WHAT TO PRODUCE =>
Nothing but the lines from the one with "Jasnoniebieska Koszula z" through the end of the data should be set down, each exactly as written, and no picture should be included.
───── LISTED RECORDS ─────
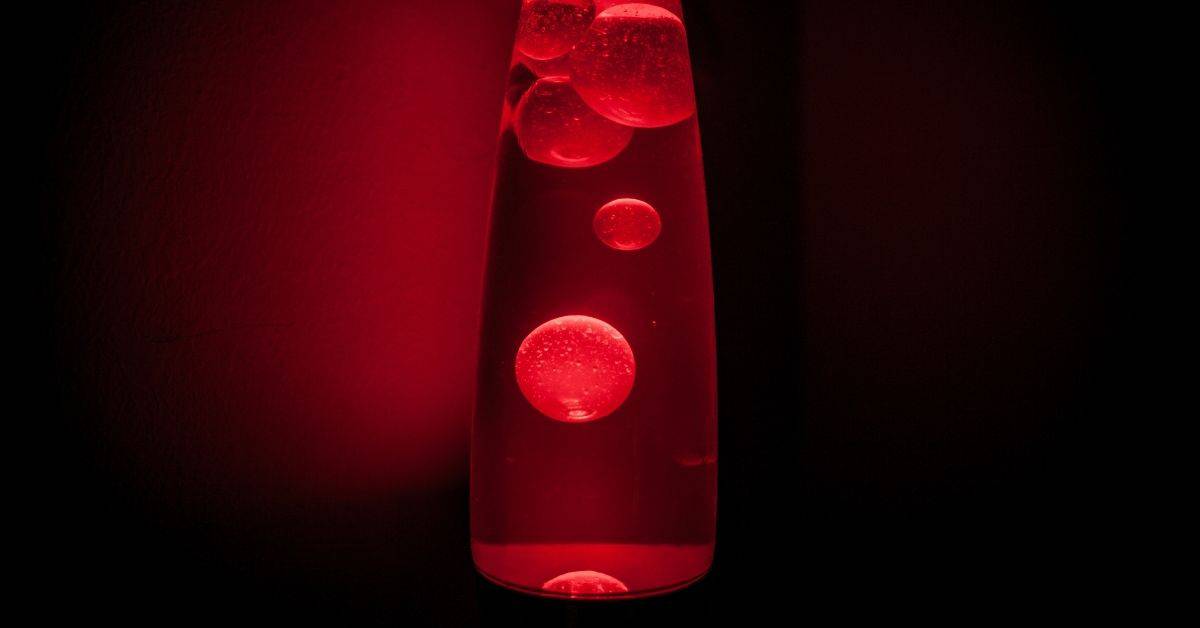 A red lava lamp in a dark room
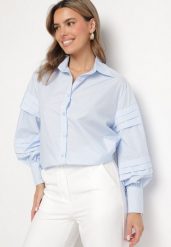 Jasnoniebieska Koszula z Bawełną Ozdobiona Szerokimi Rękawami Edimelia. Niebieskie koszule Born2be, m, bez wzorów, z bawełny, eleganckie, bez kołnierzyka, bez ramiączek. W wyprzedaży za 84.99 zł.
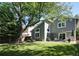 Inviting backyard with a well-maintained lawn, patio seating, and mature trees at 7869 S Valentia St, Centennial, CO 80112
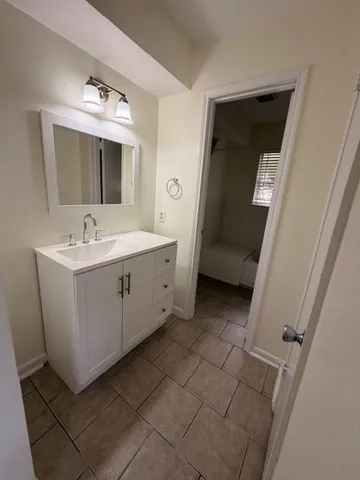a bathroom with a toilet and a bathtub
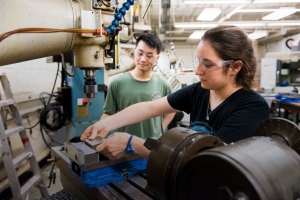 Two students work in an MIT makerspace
─────
ANSWER FOR THE TASK =>
 Jasnoniebieska Koszula z Bawełną Ozdobiona Szerokimi Rękawami Edimelia. Niebieskie koszule Born2be, m, bez wzorów, z bawełny, eleganckie, bez kołnierzyka, bez ramiączek. W wyprzedaży za 84.99 zł.
 Inviting backyard with a well-maintained lawn, patio seating, and mature trees at 7869 S Valentia St, Centennial, CO 80112
a bathroom with a toilet and a bathtub
 Two students work in an MIT makerspace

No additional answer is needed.